Het leven in een sterfelijk lichaam dient een belangrijk doel
Het idee dat dit leven een test is wordt logischer als we bedenken wat we van ons leven hiervoor en hierna weten. We leefden als geest voordat we naar de aarde kwamen; en onze hemelse Vader wil dat we zoals Hij worden en voor eeuwig met een onsterfelijk stoffelijk lichaam leven. Dat betekent dat onze proeftijd in dit stoffelijk lichaam niet willekeurig is, maar werkelijk betekenis en een doel heeft.
Ouderling Christofferson legde uit: ‘Door onze keuzen zouden we aan God (en onszelf) onze toewijding betonen en ons vermogen om naar zijn celestiale wet te leven, hoewel we niet bij Hem zouden zijn en een stoffelijk lichaam hadden met alle daarbij behorende macht, lust en passie. Zouden we het vlees kunnen beteugelen zodat het een werktuig in plaats van de meester van onze geest werd? Kon Hij ons in tijd en eeuwigheid goddelijke macht toevertrouwen, waaronder de macht om leven te scheppen? Zouden we ieder persoonlijk het kwaad overwinnen? Aan wie dat konden zou ‘op hun hoofd heerlijkheid worden toegevoegd voor eeuwig en altijd’ [Abraham 3:26]. En een heel belangrijk aspect van die heerlijkheid is een herrezen, onsterfelijk en verheerlijkt stoffelijk lichaam.’13
Onze ervaringen in ons huidige lichaam, waaronder onze relaties met elkaar, zijn van belang omdat ze lijken op wat gaat komen. Joseph Smith heeft gezegd: ‘Dezelfde betrekkingen die hier onder ons bestaan, zullen ook daar onder ons bestaan, maar zullen dan gepaard gaan met eeuwige heerlijkheid, een heerlijkheid die wij nu niet genieten’ (Leer en Verbonden 130:2).
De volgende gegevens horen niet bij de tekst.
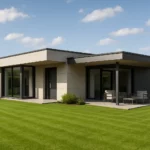 Energetická náročnost domů klesla za 20 let i díky zateplení o 30 %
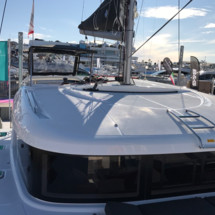 Lagoon 40
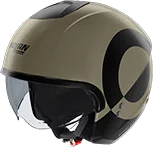 Nolan N20.2 Viceversa Helmet Pietra Matt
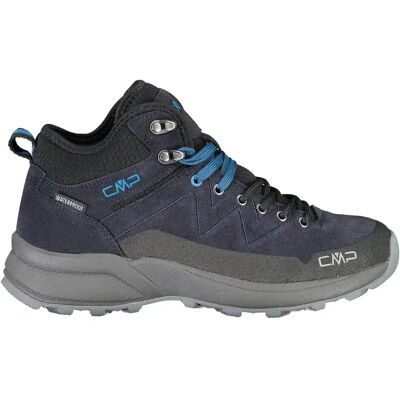 Chaussures de randonnée femme CMP Kaleepso Mid 36 - Publicité Chaussures de randonnée femme CMP Kaleepso Mid 36 - Publicité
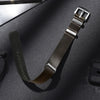 ADDIESDIVE Leather Watch Strap for Men, 20mm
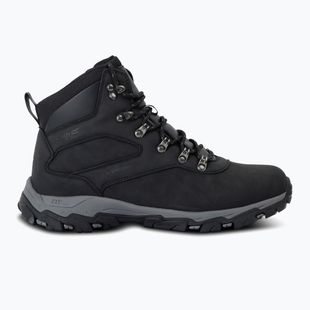 Мъжки обувки за трекинг REGATTA Holcombe black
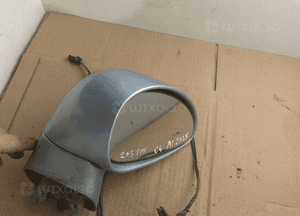 Lusterko prawe citroen C4 i 25 pin 3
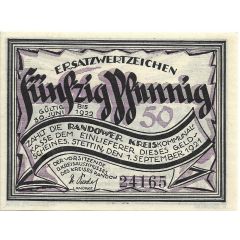 50 Pfennig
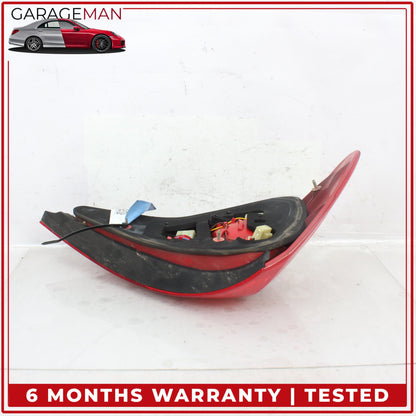 2003-2006 Mercedes R230 SL500 SL600 Right Side Tail Light Lamp Assembly OEM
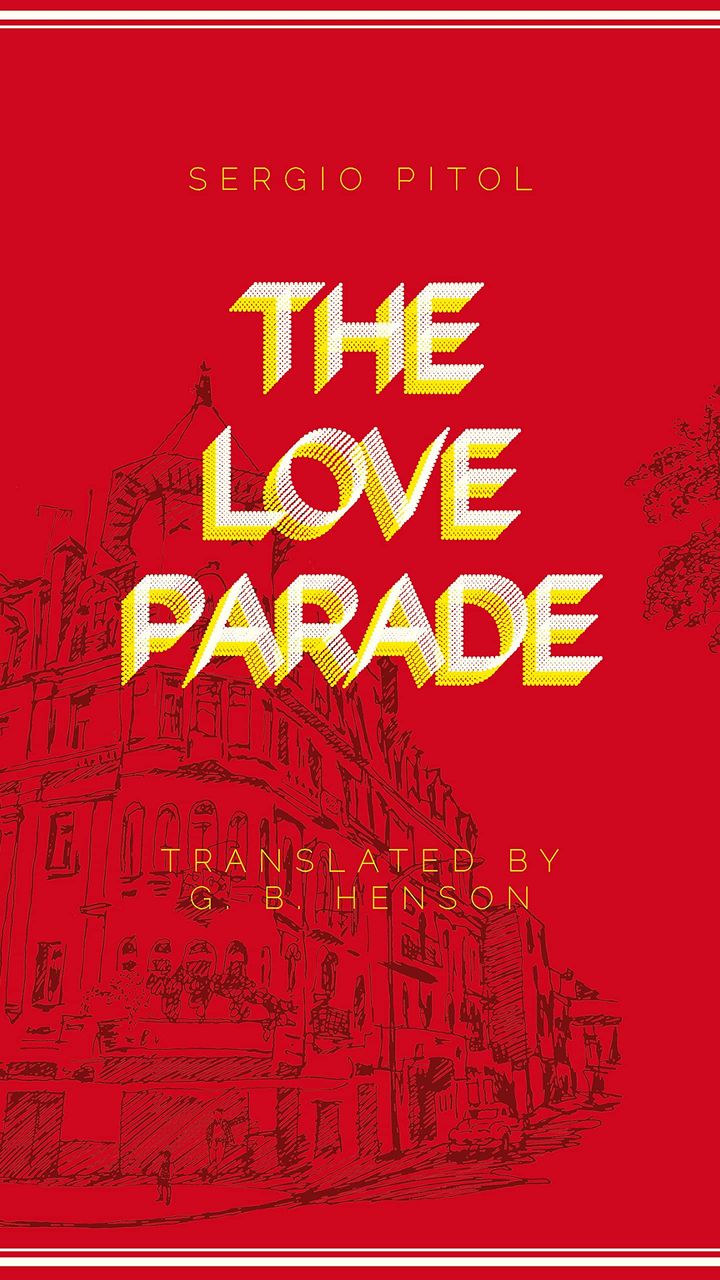 The Love Parade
We vinden hoop in Jezus Christus
William-Adolphe Bouguereau, De drie Maria’s bij het graf, Superstock.com
Sinds de aanblik van het lege graf vinden we hoop in de opstanding van Jezus Christus omdat we in zijn opstanding een prognose van onze eigen opstanding zien, waarbij ‘al [onze] verliezen worden goedgemaakt […], vooropgesteld dat [we] getrouw blijven.’14
De eerste apostelen van de Heiland konden krachtig van zijn opstanding getuigen omdat zij zijn lichaam hadden gezien en aangeraakt. Maar er was meer. Zoals Jezus Christus lichamelijke tekorten had genezen om te laten zien dat Hij de macht had om zonden te vergeven (zie Lukas 5:23–25), zo werd zijn opstanding — het tastbare bewijs van zijn macht om de lichamelijke dood te overwinnen — de verzekering voor zijn volgelingen dat Hij ook macht had om de geestelijke dood te overwinnen. De beloften die Hij in zijn leringen deed — vergeving van zonden, vrede in dit leven, eeuwig leven in het koninkrijk van zijn Vader — werden reëel en hun geloof werd onwankelbaar.
‘Als Christus niet is opgewekt, is [ons] geloof zinloos’ (1 Korinthe 15:17). Maar omdat Hij uit de dood is opgestaan kunnen wij ‘door de verzoening van Christus en door de kracht van zijn opstanding hopen tot het eeuwige leven te worden opgewekt, en wel wegens [ons] geloof in Hem volgens de belofte’ (Moroni 7:41).
Tijdens zijn aardse leven vroeg Jezus Christus mensen om Hem te volgen. Na zijn dood en opstanding werd onze bestemming nog duidelijker. Als wij door gehoorzaamheid aan de wetten en verordeningen van het evangelie een ‘celestiale geest’ ontwikkelen, zullen wij ‘hetzelfde lichaam ontvangen dat een natuurlijk lichaam was’ en ‘levend [worden] gemaakt door een gedeelte der celestiale heerlijkheid [en] daarvan ontvangen, ja, een volheid’ (Leer en Verbonden 88:28–29). Hij heeft de weg aangegeven. Hij is de weg. Door zijn macht — door zijn verzoening en opstanding — is die celestiale volheid mogelijk. En daarbij hoort een volheid van vreugde in een herrezen lichaam.